**Action item:** Write the listing out again word for word. Pictures do not belong in the copy.

**Given material:**
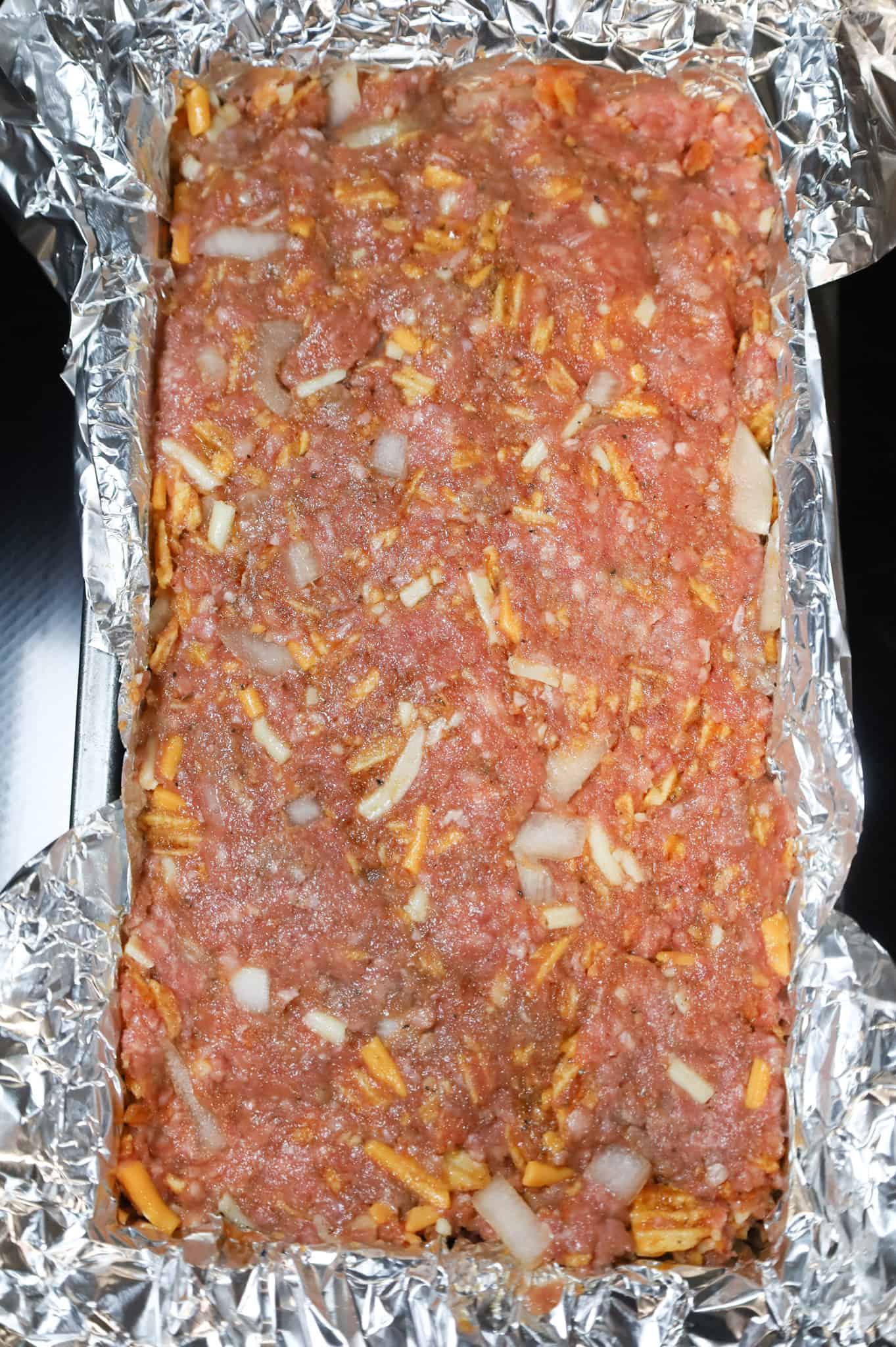 meatloaf mixture in a foil lined pan before baking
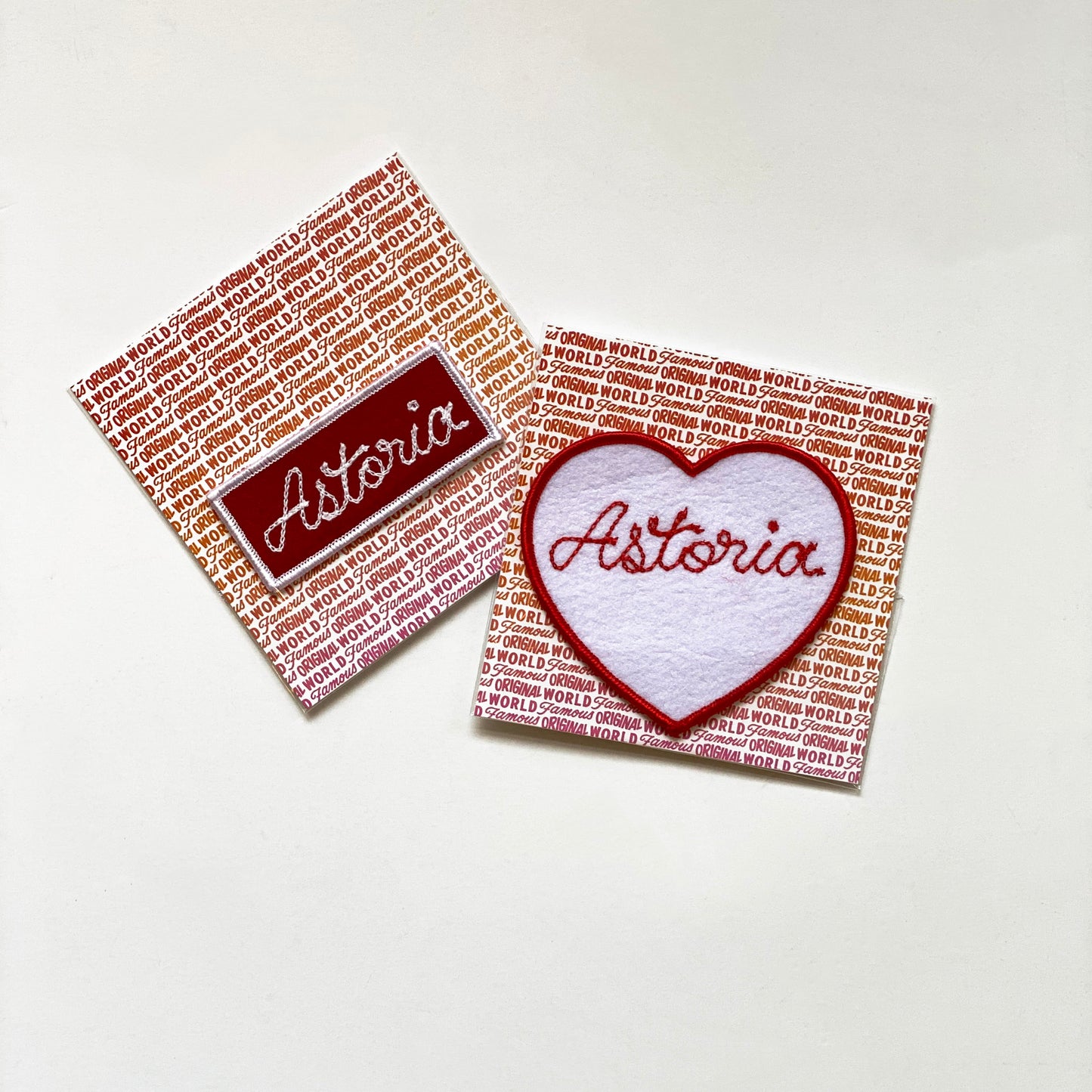Handmade, custom "Astoria" heart in white felt with red embroidery and "Astoria" rectangle red felt patch with white embroidery, mounted on World Famous Original packaging.
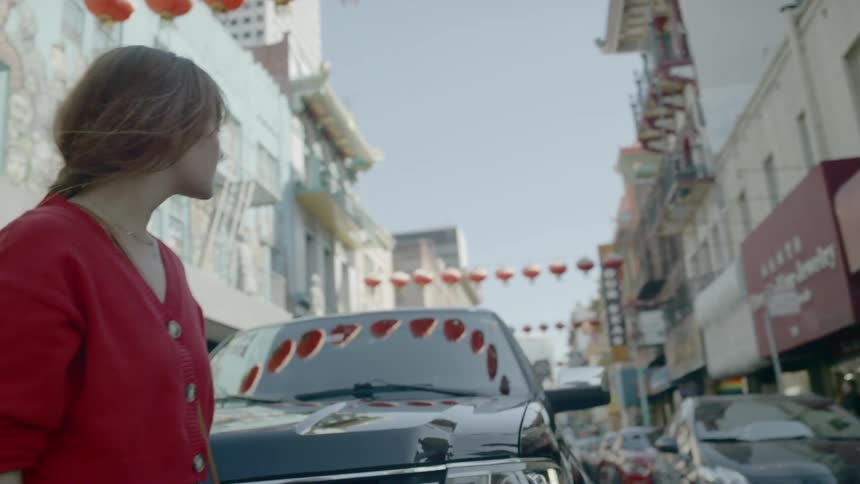 A woman in a red shirt runs her hand through her hair as she crosses in front of a stopped car in the road
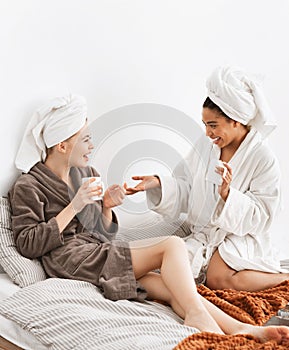 Cheerful spa girlfriends chatting while drinking coffee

**Solution to this task:**
 meatloaf mixture in a foil lined pan before baking
Handmade, custom "Astoria" heart in white felt with red embroidery and "Astoria" rectangle red felt patch with white embroidery, mounted on World Famous Original packaging.
 A woman in a red shirt runs her hand through her hair as she crosses in front of a stopped car in the road
 Cheerful spa girlfriends chatting while drinking coffee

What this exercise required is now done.